In an unusual move, the U.S. Food and Drug Administration (FDA) urged Pfizer and BioNTech to apply for authorization of the first COVID-19 vaccine for children under the age of five.
The drug companies said this week that they began sending data for an emergency use authorization before it is settled whether the children will need two or three shots.
The companies said they are providing the information at the request of the FDA in order to address an urgent public health need in the age group. The young children, about 19 million in the U.S., are the only age group not yet able to get the shots.
"Having a safe and effective vaccine available for children in this age group is a priority," acting FDA Commissioner Janet Woodcock said. She said the agency asked for the application because of the recent increase in cases caused by the Omicron variant of the coronavirus. And a decision is expected as soon as this month.
One-tenth of adults’ shot
Pfizer said it plans to give children as young as 6 months shots that contain one-tenth of the dose, or amount, given to adults. The open question is how many shots those children will need.
In early testing, two of the extra-low doses appear to be strong enough for babies but not for somewhat older children. Pfizer now is testing a third shot. The results from those tests are expected in late March.
The FDA said an outside committee of independent experts will meet in mid-February to review the information from Pfizer. The agency did not say how long it will wait for complete information. If the agency approves the vaccine, the U.S. Centers for Disease Control and Prevention (CDC) also needs to approve how the vaccinations will be given.
John Grabenstein used to work on vaccines at Merck. He told Reuters, "I just can't believe that they would authorize getting started without knowing what the third dose would do." But John Moore, a professor at Weill Cornell Medical College, called the plan "a creative solution to a real problem.” He noted that the Pfizer COVID-19 vaccine is known to be safe.
Parents want to return to work
The administration of President Joe Biden has been trying to speed up the approval of COVID-19 shots for children. Officials see vaccinations as important for opening schools and daycare centers and permitting parents to return to work.
The arrival of a vaccine for younger children could help hard-pressed parents as Omicron is sending record numbers of children to the hospital. Many have been pushing for an expansion of the shots to younger children.
Dr. Dyan Hes is a pediatrician, a medical doctor for children, in New York City. He said for many parents, "that's the first thing they ask when they walk through the door: 'When do you think the shot is going to come out?'"
Dr. Sean O'Leary of the University of Colorado is on the American Academy of Pediatrics’ infectious disease committee. He said, "What we're seeing right now is still a lot of hospitalizations and unfortunately some deaths in this age group."

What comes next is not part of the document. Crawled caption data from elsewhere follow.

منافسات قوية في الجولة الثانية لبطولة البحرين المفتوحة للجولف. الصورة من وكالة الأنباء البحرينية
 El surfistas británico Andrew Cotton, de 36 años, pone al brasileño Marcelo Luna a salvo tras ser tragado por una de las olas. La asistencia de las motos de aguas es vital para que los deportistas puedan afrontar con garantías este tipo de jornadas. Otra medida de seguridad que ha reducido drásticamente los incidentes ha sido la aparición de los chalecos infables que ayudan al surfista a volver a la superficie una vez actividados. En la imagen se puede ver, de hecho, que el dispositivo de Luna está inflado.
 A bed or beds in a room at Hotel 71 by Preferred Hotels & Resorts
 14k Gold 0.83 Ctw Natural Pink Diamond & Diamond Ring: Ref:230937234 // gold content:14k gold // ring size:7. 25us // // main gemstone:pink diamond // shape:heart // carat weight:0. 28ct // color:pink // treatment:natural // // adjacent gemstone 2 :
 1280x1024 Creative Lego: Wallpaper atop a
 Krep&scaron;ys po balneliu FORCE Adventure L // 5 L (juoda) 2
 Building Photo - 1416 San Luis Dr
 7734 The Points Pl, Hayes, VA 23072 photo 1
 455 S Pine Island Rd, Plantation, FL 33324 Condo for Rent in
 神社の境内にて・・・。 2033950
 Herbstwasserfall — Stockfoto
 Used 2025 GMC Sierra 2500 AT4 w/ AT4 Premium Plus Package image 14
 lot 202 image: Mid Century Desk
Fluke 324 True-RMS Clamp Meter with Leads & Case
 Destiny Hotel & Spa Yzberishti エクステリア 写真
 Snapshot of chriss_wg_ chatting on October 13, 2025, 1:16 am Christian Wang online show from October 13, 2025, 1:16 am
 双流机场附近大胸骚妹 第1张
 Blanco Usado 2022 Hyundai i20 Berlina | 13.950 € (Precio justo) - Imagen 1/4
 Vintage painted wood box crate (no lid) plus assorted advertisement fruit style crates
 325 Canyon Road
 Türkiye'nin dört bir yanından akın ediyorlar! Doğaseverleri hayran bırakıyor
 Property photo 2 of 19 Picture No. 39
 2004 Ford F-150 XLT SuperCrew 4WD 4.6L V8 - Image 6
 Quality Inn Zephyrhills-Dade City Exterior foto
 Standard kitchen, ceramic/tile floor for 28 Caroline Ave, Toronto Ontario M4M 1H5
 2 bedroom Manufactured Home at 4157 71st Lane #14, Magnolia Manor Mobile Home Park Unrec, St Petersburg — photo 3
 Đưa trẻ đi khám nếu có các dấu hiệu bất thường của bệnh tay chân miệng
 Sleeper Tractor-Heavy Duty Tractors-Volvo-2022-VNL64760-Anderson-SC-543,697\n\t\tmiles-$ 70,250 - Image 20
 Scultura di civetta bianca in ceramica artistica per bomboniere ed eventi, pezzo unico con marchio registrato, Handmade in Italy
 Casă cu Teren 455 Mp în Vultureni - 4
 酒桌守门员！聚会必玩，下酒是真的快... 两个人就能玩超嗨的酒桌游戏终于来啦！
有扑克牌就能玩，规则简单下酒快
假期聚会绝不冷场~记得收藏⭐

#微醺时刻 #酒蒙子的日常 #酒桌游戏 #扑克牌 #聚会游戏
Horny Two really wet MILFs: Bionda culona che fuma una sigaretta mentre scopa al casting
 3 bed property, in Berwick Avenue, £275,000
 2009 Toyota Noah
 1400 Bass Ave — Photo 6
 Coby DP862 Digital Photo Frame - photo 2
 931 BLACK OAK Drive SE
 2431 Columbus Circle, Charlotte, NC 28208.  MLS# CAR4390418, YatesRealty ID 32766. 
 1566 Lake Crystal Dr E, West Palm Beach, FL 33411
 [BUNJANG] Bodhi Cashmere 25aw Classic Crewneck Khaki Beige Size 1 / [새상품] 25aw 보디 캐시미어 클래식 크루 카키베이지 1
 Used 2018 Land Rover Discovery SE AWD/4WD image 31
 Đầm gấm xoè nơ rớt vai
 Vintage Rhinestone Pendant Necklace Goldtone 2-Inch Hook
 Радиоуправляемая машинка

He added that if the FDA approves vaccinations for the younger children, "that's going to be really important because all of those hospitalizations and deaths essentially are preventable."
I’m Jill Robbins.
Lauran Neergaard and Matthew Perrone reported on this story for the Associated Press and Michael Erman reported on it for Reuters. Jill Robbins adapted it for Learning English.
Words in This Story
apply – v. to ask formally for something (such as a job, admission to a school, a loan, etc.) usually in writing
authorize – v. to give legal or official approval to or for (something)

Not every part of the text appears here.